Perhaps it’s technically the New York Timesthat’s saying a “flaw” is what allowed Roof, the Charleston church killer, to buy a gun. “Flaw” is the word used in the NYTheadline. The actual communication from the FBI is summarized this way in the text:
A loophole in the system and an error by the F.B.I. allowed the man, Dylann Roof, to buy the .45-caliber handgun despite having previously admitted to drug possession, officials said.
The “error” by the FBI stands up to scrutiny as an actual error. The “loophole” in the background check system is another story. Here’s the extended summary from NYT:
Mr. Roof first tried to buy the gun on April 11, from a dealer in South Carolina. The F.B.I., which conducts background checks for gun sales, did not give the dealer approval to proceed with the purchase because the bureau needed to do more investigating about Mr. Roof’s s criminal history.
Under federal law, the F.B.I. has three days to determine whether there is sufficient evidence to deny the purchase. If the bureau cannot come up with an answer, the purchaser can return to the dealer and buy the gun.
In the case of Mr. Roof, the F.B.I. failed to gain access to a police report in which he admitted to having been in possession of a controlled substance, which would have disqualified him from purchasing the weapon. The F.B.I. said that confusion about where the arrest had occurred had prevented it from acquiring the arrest record in a timely fashion.

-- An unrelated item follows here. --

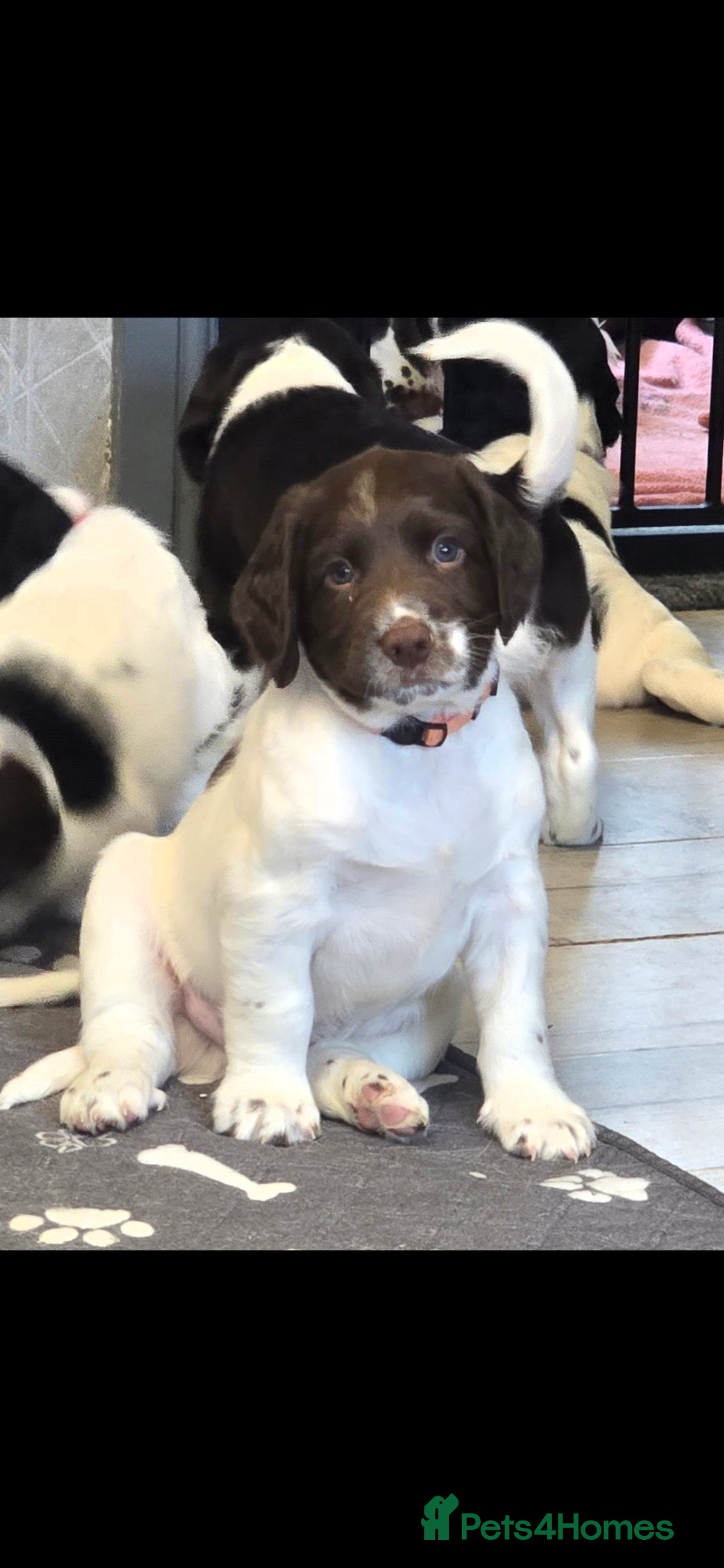 English Springer Spaniel dogs Health Tested KS English Springer Spaniel puppies  - Advert 1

Mr. Roof’s application was not resolved within the three-day limit because the F.B.I. was still trying to get the arrest record, and he returned to store and was sold the gun.
Many major national gun dealers, like Walmart, will not sell the weapon to the buyer if they do not have an answer from F.B.I., but many smaller stores will.
The “error”
Without ragging on the FBI, we can still judge that the explanation about the error sounds a little mealy-mouthed. If the FBI knew that there had been an arrest – which seems to be implied by the sentence in the NYT story – it shouldn’t have taken three days to find outwhere it happened. Agency “error” does seem to fit what happened here.
There is also the point, however, that it’s quite possible for a prospective “Dylann Roof” to attempt a gun purchase with no arrest record, and no record of pleading to possession.
The facts of this case don’t drive us to change the law. Changing the law wouldn’t prevent the human error at the FBI, nor would it ensure that a potential mass murderer with no criminal record would be denied a gun. There’s no such thing as a law that will prevent every undesired outcome.
The “loophole”
The fact that many dealers don’t wait past the three-day federal window to complete a gun sale is being characterized as a “loophole” or “flaw.” But the three-day window has an end date for a reason.
If dealers were required by law to wait until the federal authorities gave them a response, gun buyers would be entirely at the mercy of the federal government. Federal agencies could slow-roll all background checks if they wanted to, and leave gun buyers in limbo indefinitely.
Does anyone doubt that the Obama administration would do just that, if gun sellers were required to wait for a formal response from the feds before completing a gun sale?
The federal law was designed to put the onus on the government to find disqualifying information about prospective gun buyers within a reasonable window. This isn’t a bug in the system; it’s a feature. (If she hadn’t been killed by her ex-boyfriend on 3 June, you could askCarol Bowne of New Jersey – who applied to New Jersey for a handgun permit to protect herself on 21 April – whether extended waiting periods imposed by government authorities are a net positive or not.)
The solution?
No law can be made human-error-proof, and it’s a non-starter to leave it in the hands of federal agencies how long a seller and buyer have to wait to complete a gun sale. Congress is right to insist that government, not citizens, bear the onus of the background-check time window.
But there’s clearly a common-sense approach here. If the likelihood of administrative error at the FBI could be reduced, by increasing the FBI’s manning or automation, then do that. Maybe the FBI is undermanned or underequipped for meeting the three-day background-check window. Fix that problem.
Doing that won’t prevent every bad outcome, but if we take the FBI’s word for it, in the particular case of Dylann Roof, it might very well have been the thing that would have kept a commercially purchased gun out of his hands, at least for a little bit longer.
Of course, he could also have found a way to get a gun without going to a licensed dealer or a gun show. No law will ever make that impossible.